_WHAT THE TASK ASKS_:
Below are some records; copy them word for word and drop the pictures.

_EXTRACTED MATERIAL_:
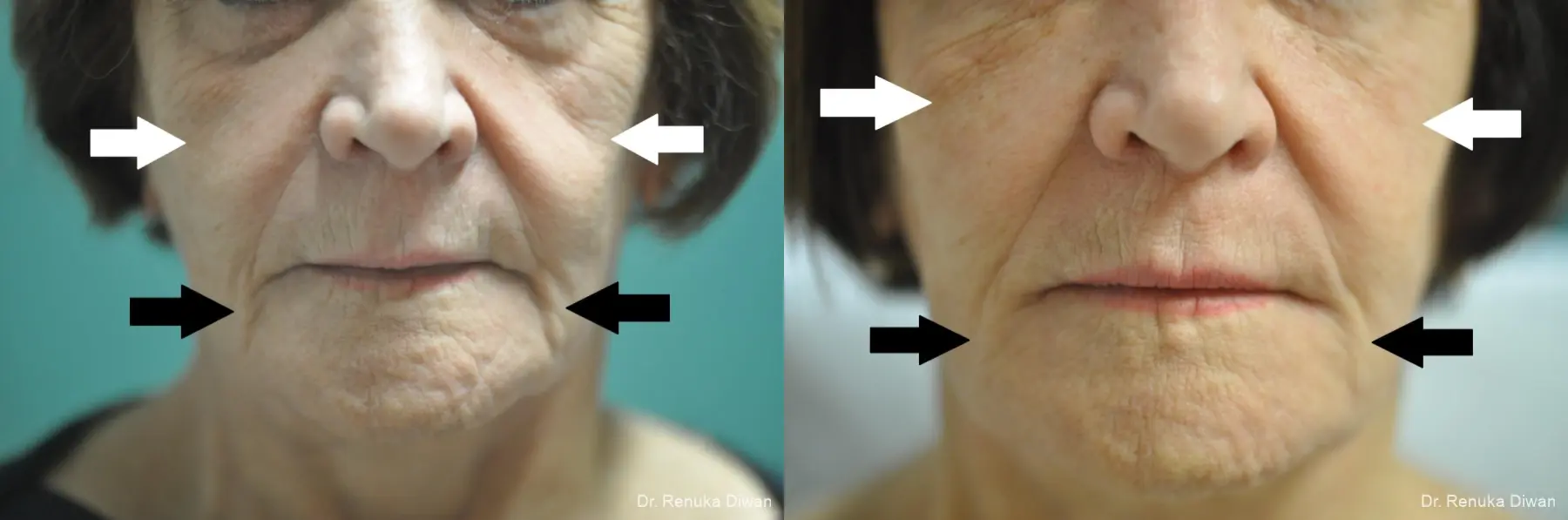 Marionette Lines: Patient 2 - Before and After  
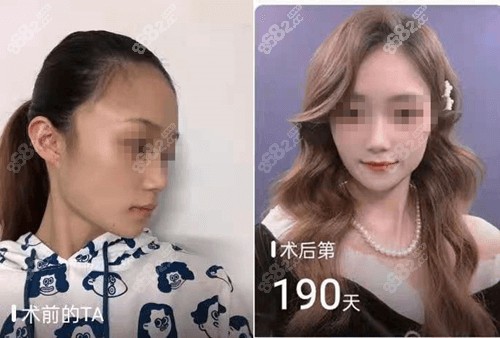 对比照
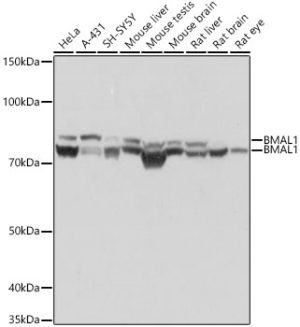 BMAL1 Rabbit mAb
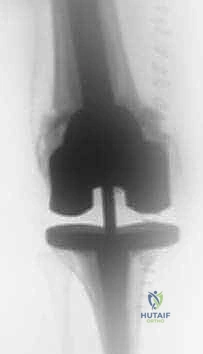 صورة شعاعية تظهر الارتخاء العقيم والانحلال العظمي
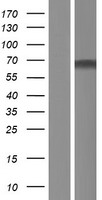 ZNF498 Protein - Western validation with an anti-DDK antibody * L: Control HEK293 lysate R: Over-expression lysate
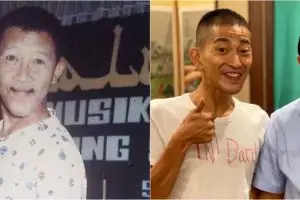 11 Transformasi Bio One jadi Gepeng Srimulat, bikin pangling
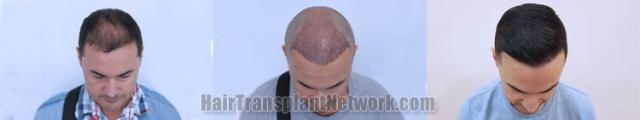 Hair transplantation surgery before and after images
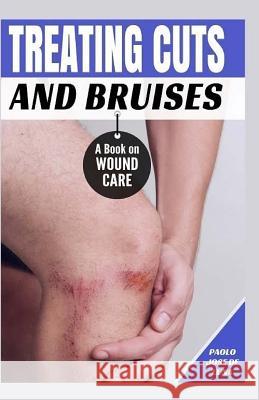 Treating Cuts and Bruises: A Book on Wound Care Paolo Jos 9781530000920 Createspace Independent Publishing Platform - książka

_EXERCISE OUTPUT_:
 Marionette Lines: Patient 2 - Before and After  
 对比照
 BMAL1 Rabbit mAb
 صورة شعاعية تظهر الارتخاء العقيم والانحلال العظمي
 ZNF498 Protein - Western validation with an anti-DDK antibody * L: Control HEK293 lysate R: Over-expression lysate
 11 Transformasi Bio One jadi Gepeng Srimulat, bikin pangling
 Hair transplantation surgery before and after images
 Treating Cuts and Bruises: A Book on Wound Care Paolo Jos 9781530000920 Createspace Independent Publishing Platform - książka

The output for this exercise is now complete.